> Supplied material
+++

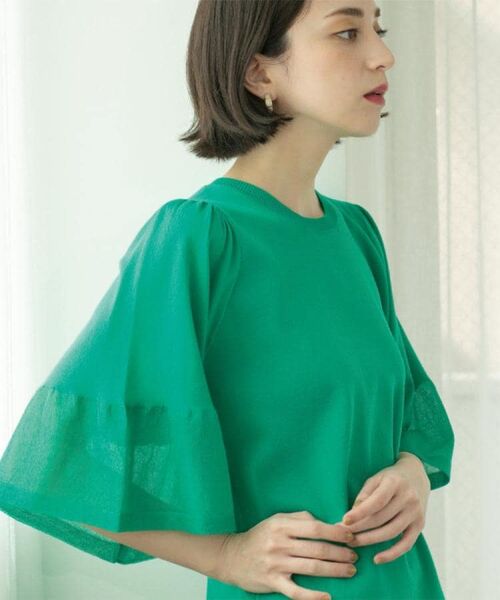 OPAQUE.CLIP / オペーク ドット クリップ ニット・セーター | 《5色展開》シアーフレアスリーブニット【洗濯機洗い可】 | 詳細17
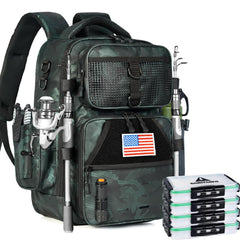 Ghosthorn fishing backpack front view showing compact storage for day trips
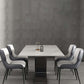 Modern Style Sintered Stone Dining Table Rectangle Table with Metal Legs for Home Use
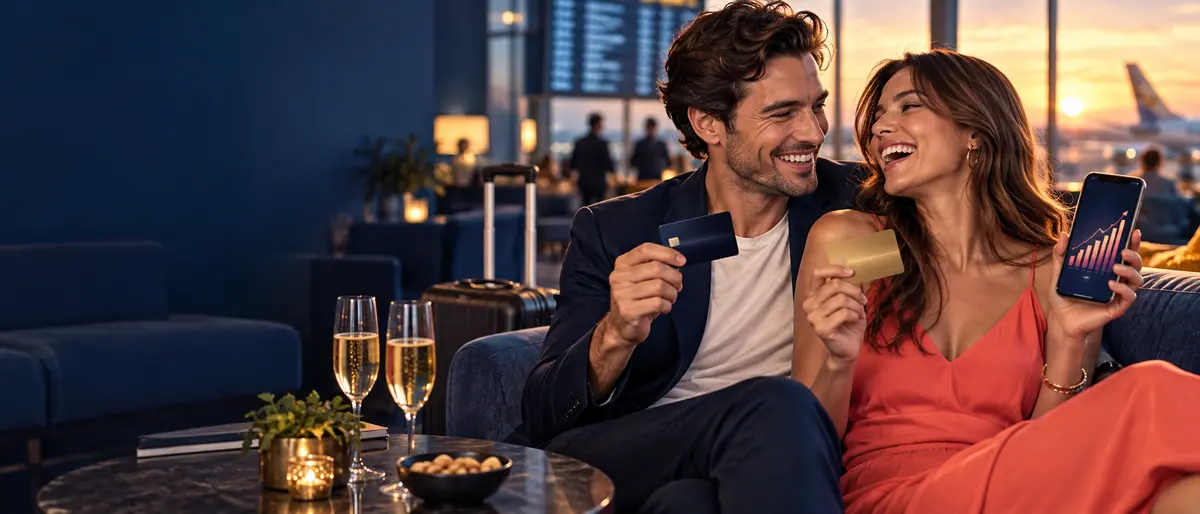 A happy couple comparing travel rewards in an airport lounge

+++

> What the task requires
The lines needed are those from the one containing "Modern Style Sintered" through the end of the listing, given again word for word and without any picture.

> The completed task
 Modern Style Sintered Stone Dining Table Rectangle Table with Metal Legs for Home Use
 A happy couple comparing travel rewards in an airport lounge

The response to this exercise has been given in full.